What to do? A person who knows how to spend every day of the holidays so that later there is something to remember should not be familiar with the word "routine" at all. And we are sure: it is so! It’s just that on weekdays you get more tired or more lazy. So it seems to you that you don’t have time for entertainment at all. In fact, it probably exists, you just need to learn how to plan things and rationally build your schedule. And then you will have a holiday every day!

Eeyore donkey

These New Year holidays are absolutely nothing to remember for you. Exactly like the previous ones. And the year before. And in general, you are already tired of lying on the couch, and it’s not at all a pity that the holidays are over. But the mood is still lousy. You look around with one single thought: when will they finally take off all this stupid tinsel?!

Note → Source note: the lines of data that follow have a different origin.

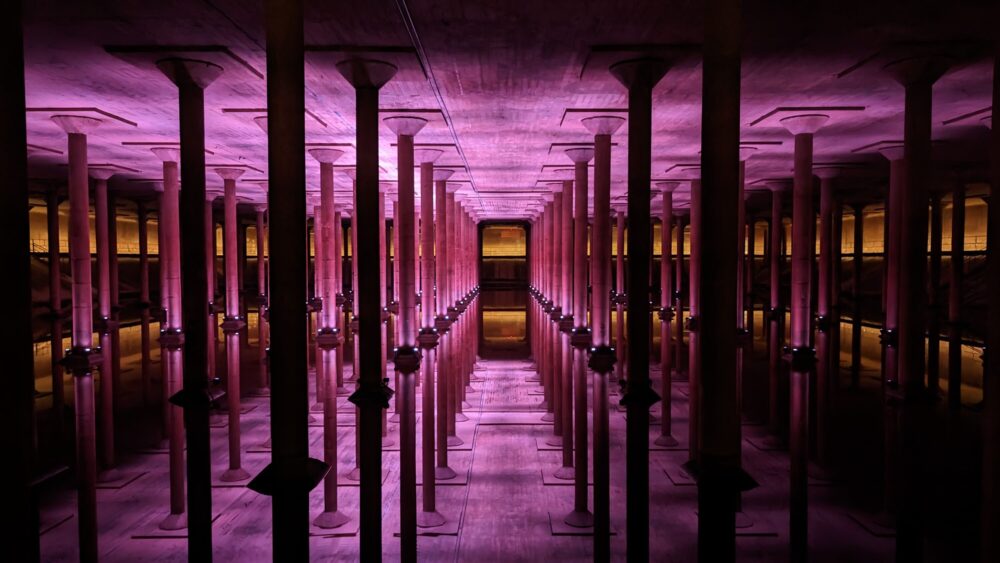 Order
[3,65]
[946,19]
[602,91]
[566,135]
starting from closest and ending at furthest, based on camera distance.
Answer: [3,65], [946,19], [602,91], [566,135]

What to do? You don't have post-holiday depression. You're just in a bad mood. And the holidays only make it worse. You don't like that everyone around is rejoicing and having fun, and you are sitting at home and killing time. You scold yourself for inaction, but year after year you step on the same rake. We do not know why you are doing this, but we sincerely hope that the situation can be corrected. The next holidays are already in March! Don't miss them.

General advice

Most of us experience post-holiday depression to a greater or lesser degree. It’s just that on a subconscious level we don’t like that all good things end quickly. Here we are moping. Basically, for no reason. You can cope with the blues not only with the help of self-persuasion, but also in completely mechanical ways:

- proper nutrition. Unload your body after the holidays. Eat more vegetables and fruits, drink water, green tea and grapefruit juice. Alcohol dehydrates the body, so after the holidays feel free to lean on healthy liquids.

- yoga and meditation. This is a proven way to find harmony with yourself. Ancient practices can get rid of any depression. Post-holiday is no exception.

- healthy sleep. Many of us do not rest on holidays, but only load our body more. And this is connected not only with food, but also with an unusual way of life: we sleep until dinner, go to bed late at night, and even in the morning. Getting out of this state is not easy. At least the first days after the holidays, try to be in the air more often. This will help your biological clock get back to normal faster.

- water procedures. Contrast showers and herbal baths are especially good in winter. They increase not only mood, but also immunity.